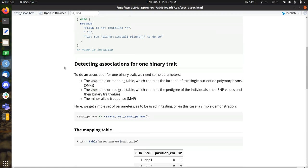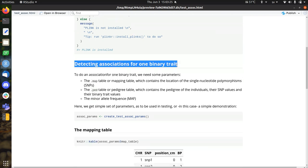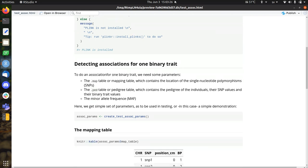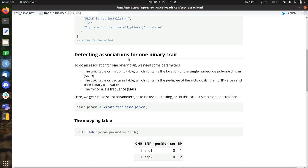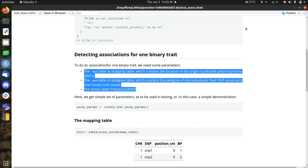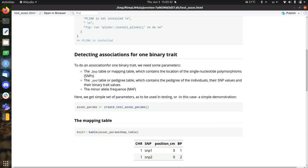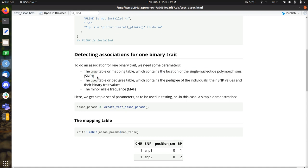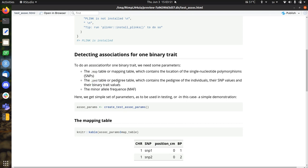We're going to detect an association with one binary trait. And there are two tables you will need. One is called the map. It's a file, it's a mapping table, which contains a location of single nucleotide polymorphism, the SNPs, and I'll show it below. And we also need a pedigree table, the .pad table, which contains both the pedigrees, but also the SNP values and also their binary trait values.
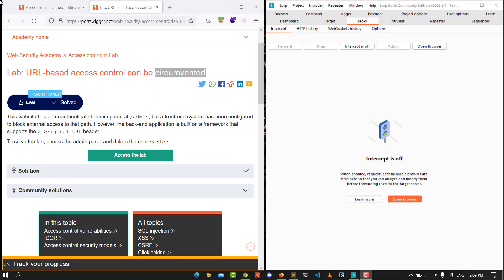Hello guys, this is Boy Pink and I'm back for another video. Today I'm walking through how to solve the lab URL-based access control can be circumvented. The goal of this lab is to access the admin panel and delete the user Carlos.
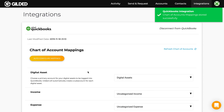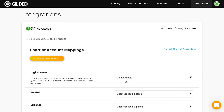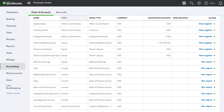Now we can see the digital asset account is created and mapped in Gilded. Let's go check that in QuickBooks just to verify. So I'm in my chart of accounts and here is one called digital assets. Perfect. Moving back to Gilded.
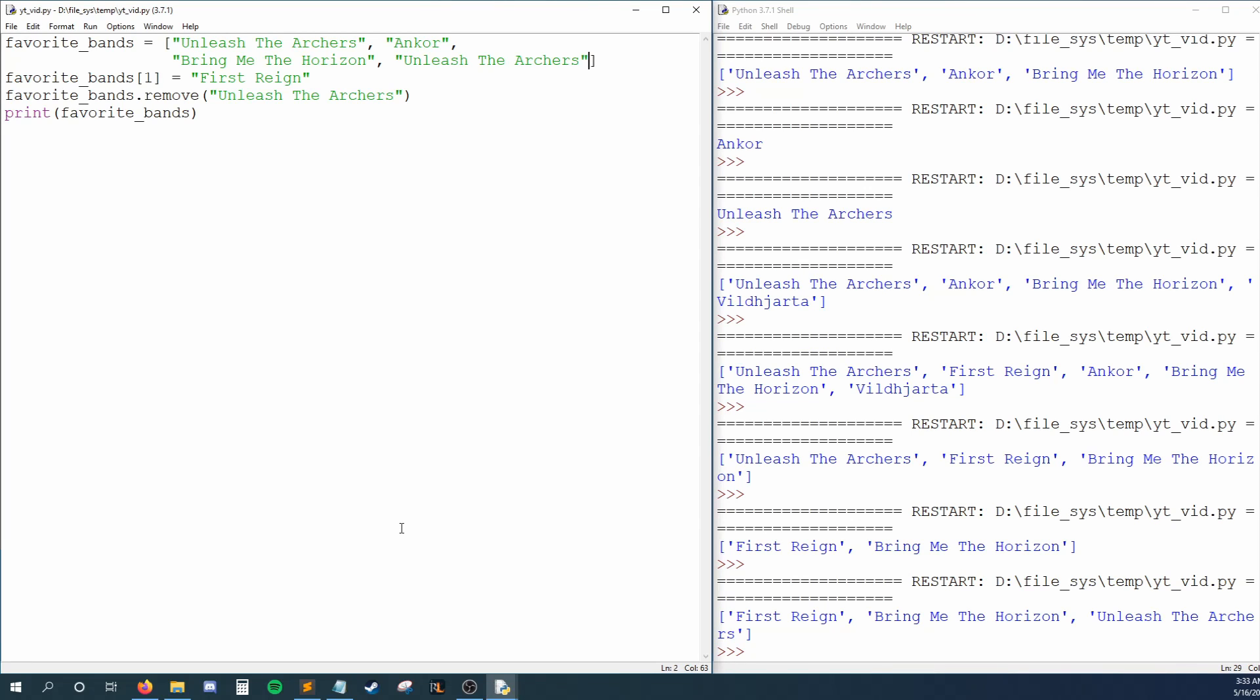Today we learned how to group and manipulate similar data by using lists. As always, a big thank you for liking, subscribing, and ringing that bell. Comment below with suggestions for future videos, and I will see you in the next one.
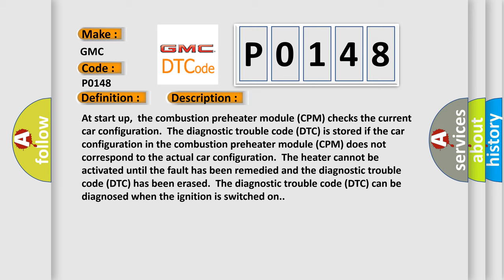until the fault has been remedied and the diagnostic trouble code DTC has been erased. The diagnostic trouble code DTC can be diagnosed when the ignition is switched on.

•••

Everything from the line containing "Hello guys, this" through the last line of the entries must be repeated verbatim, except pictures.

Hello guys, this is Boy Pink and I'm back for another video. Today I'm walking through how to solve the lab URL-based access control can be circumvented. The goal of this lab is to access the admin panel and delete the user Carlos.
Now we can see the digital asset account is created and mapped in Gilded. Let's go check that in QuickBooks just to verify. So I'm in my chart of accounts and here is one called digital assets. Perfect. Moving back to Gilded.
Today we learned how to group and manipulate similar data by using lists. As always, a big thank you for liking, subscribing, and ringing that bell. Comment below with suggestions for future videos, and I will see you in the next one.
until the fault has been remedied and the diagnostic trouble code DTC has been erased. The diagnostic trouble code DTC can be diagnosed when the ignition is switched on.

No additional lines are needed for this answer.